The gunman, Stephen A. Marshall, a 20-year-old from Canada, committed suicide Sunday night in Boston after being cornered aboard a bus by police.

Investigators were uncertain what relationship, if any, Marshall had with the two victims, who were killed Easter Sunday morning at their homes 25 miles apart.

But the two men were among 34 names Marshall had looked up on the state Web site, said Stephen McCausland of the Maine Department of Public Safety. Investigators said they discovered he visited the Web site because he typed in his name to receive extra information online, including street addresses.

The Web site was disabled while police searched for Marshall but was restored Monday afternoon.

“The Web site is back on. It is there by law. The reason why the information is available to the public is well-documented,” McCausland said. The sex offender registry is designed to let people know of child molesters and other sex offenders in their midst.

All states have sex offender registries, and almost all of them post the information online.

But the killings added to a growing unease with such Web sites. Jack King from the National Association of Criminal Defense Lawyers in Washington said making public sex offenders’ addresses can be an invitation to violence.

Harassment, vandalism, assaults and even killings of sex offenders have been reported from coast to coast.

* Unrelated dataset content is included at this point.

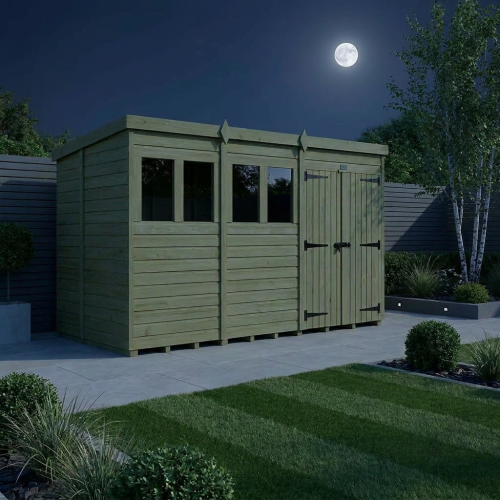 20 x 5 Pent Shed Tanalised (Double Door, With Windows) 2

Maine State Trooper Dave Yankowsky, left, and detective Jay Pelletier search the driveway of slain sex offender Joseph L. Gray, 57, in Milo, Maine on Monday, April 17, 2006. Gray and another sex offender, William Elliott, 24, of Corinth, were found shot to death in separate incidents on Sunday.

“There are going to be crazy people out there,” King said. “And there’s going to be vigilantism.”

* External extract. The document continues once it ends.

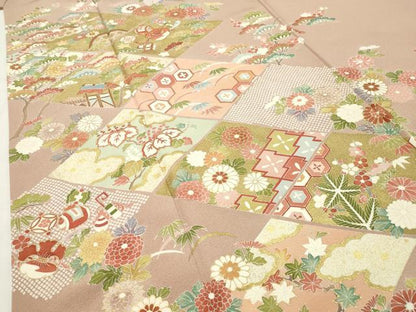 平和屋着物●豪華色留袖　駒刺繍　宝尽くし菱花文　金彩　正絹　逸品　未使用　CABI0459gh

After New Jersey passed a public disclosure law on sex offenders in the 1990s, the brother of an offender was nearly beaten to death with a baseball bat when he was mistaken for his brother, King said.

In New Hampshire, Lawrence Trant went to prison after pleading guilty to the attempted murder of two convicted sex offenders whose names and addresses he found on an Internet registry posted by the state.

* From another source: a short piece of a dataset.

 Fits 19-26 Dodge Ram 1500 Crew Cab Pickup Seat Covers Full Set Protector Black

A sex offender Web site in Washington state was cited in the slayings of two convicted child rapists last summer. Michael Anthony Mullen, 35, pleaded guilty to murder and was sentenced to more than 44 years in prison.

In Maine, the registered sex offenders shot to death were Joseph Gray, 57, of Milo, and William Elliott, 24, of Corinth.

Gray’s name was posted on a state Web site because he had moved to Maine after a Massachusetts conviction for sexual assault on a child under 14, McCausland said. Elliott was convicted of having sex with an underage girl, he said.

When he shot himself, Marshall had with him a laptop computer along with two handguns, said Dave Procopio, spokesman for the Suffolk County, Mass., District Attorney’s Office.

Marshall, a 20-year-old restaurant dishwasher from North Sydney, Nova Scotia, had come to Houlton, Maine, to visit his father, authorities said.

Investigators believe he used his father’s pickup during the killings. The father had not realized his son and truck were missing, McCausland said. Marshall also took two handguns and a rifle from his father, the spokesman said.

Police tracked Marshall to Boston after finding his pickup abandoned in Bangor and then discovering bullets of the same caliber used in the killings in a bus stop rest room.